Начало поисков. Учение Галилея о свободном падении тел с самого начала было ориентировано и на практику, и на теорию, а именно – на построение науки о равноускоренном движении по образцу опытов Архимеда, предполагающее математическое описание физических явлений. Можно указать техническую проблему, которую он хотел разрешить, – описать траекторию движения артиллерийского снаряда. В письме к Чезаре Марсили от 11 сентября 1632 г. Галилей писал: «…Поистине первое побуждение, склонившее меня к размышлениям о движении, заключалось в том, чтобы найти эту траекторию, – если ее найти, то потом уже нетрудно дать доказательство» [Цит. по: 36, с.143].
Наблюдая за полетом снаряда, Галилей предположил, что траектория этого полета является параболой. Сопоставляя параболу с другой геометрической кривой, получившей название спирали Архимеда, Галилей пришел к мысли представить движение снаряда как состоящее (складывающееся) из двух разных движений – равномерного по горизонтали и равноускоренного по вертикали (то есть свободного падения). Сам он об этом пишет так: «…Ибо уже давно, когда я с величайшим восхищением разглядывал и изучал спираль Архимеда, которую он строит путем двух равномерных движений, одного – прямолинейного, другого – кругового, мне пришла в голову мысль о спирали, образуемой путем равномерного кругового движения и движения прямолинейного, ускоряющегося в том же самом отношении, что и естественно падающее тело» [Цит. по: 36, с. 143].

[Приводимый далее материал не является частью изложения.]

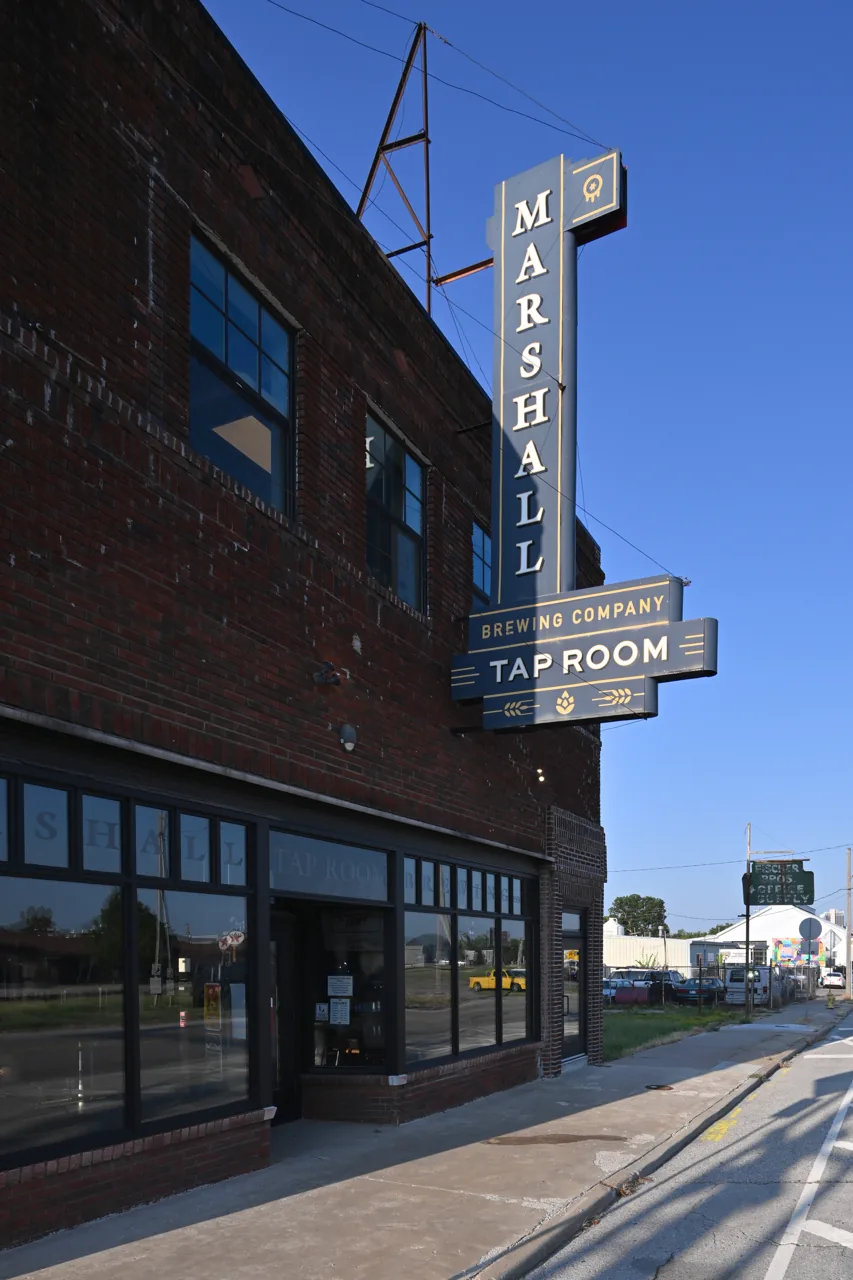 Marshall Brewing Company tap room sign and brick building on East 6th Street in Tulsa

Известно, что и равномерное движение, и свободное падение уже давно были предметом научного изучения: первую теорию равномерного движения предложили еще античные ученые – Аристотель, Евклид, Архимед, а над свободным падением и равноускоренным движением много размышляли ученые Средневековья – Иоанн Буридан, Альберт Саксонский, Николай Орем. Галилей, по всей видимости, знал работы этих ученых; особенно его привлекали Архимед и Орем. Из работ последнего и, возможно, Д. Сото (автора одного из схоластических комментариев к «Физике» Аристотеля) он заимствовал модель (схему) равноускоренного движения. В этой модели отрезки внутри прямоугольного треугольника, параллельные его высоте, изображают скорости движения, а основание треугольника – время движения или же пройденный путь. Скорость падающего тела у Орема увеличивалась пропорционально времени движения или пропорционально пути, оба варианта приводились в трактовке Орема как равноценные. Галилей останавливается на одном из них – на том, что скорость падающего тела увеличивается с увеличением пройденного пути (судя по всему, соображением, определившим его выбор, явилось утверждение Орема о том, что скорость падающего тела возрастает с увеличением пройденного пути). Принимая в ранних работах это положение, Галилей пишет, что оно соответствует «всем нашим наблюдениям над инструментами и машинами, работающими посредством удара, где ударяющий производит тем больший эффект, чем с большей высоты он ударяет» [Цит. по: 36, с. 151]. Применив затем к оремовской модели движения одну из теорем о параболе, доказанную еще в античной науке знаменитым греческим математиком Апполонием, Галилей вывел следующее положение: расстояния, проходимые за определенные промежутки времени телом, падающим с равномерным («униформным») ускорением, относятся между собой как квадраты этих промежутков времени [См.: 36, с. 151].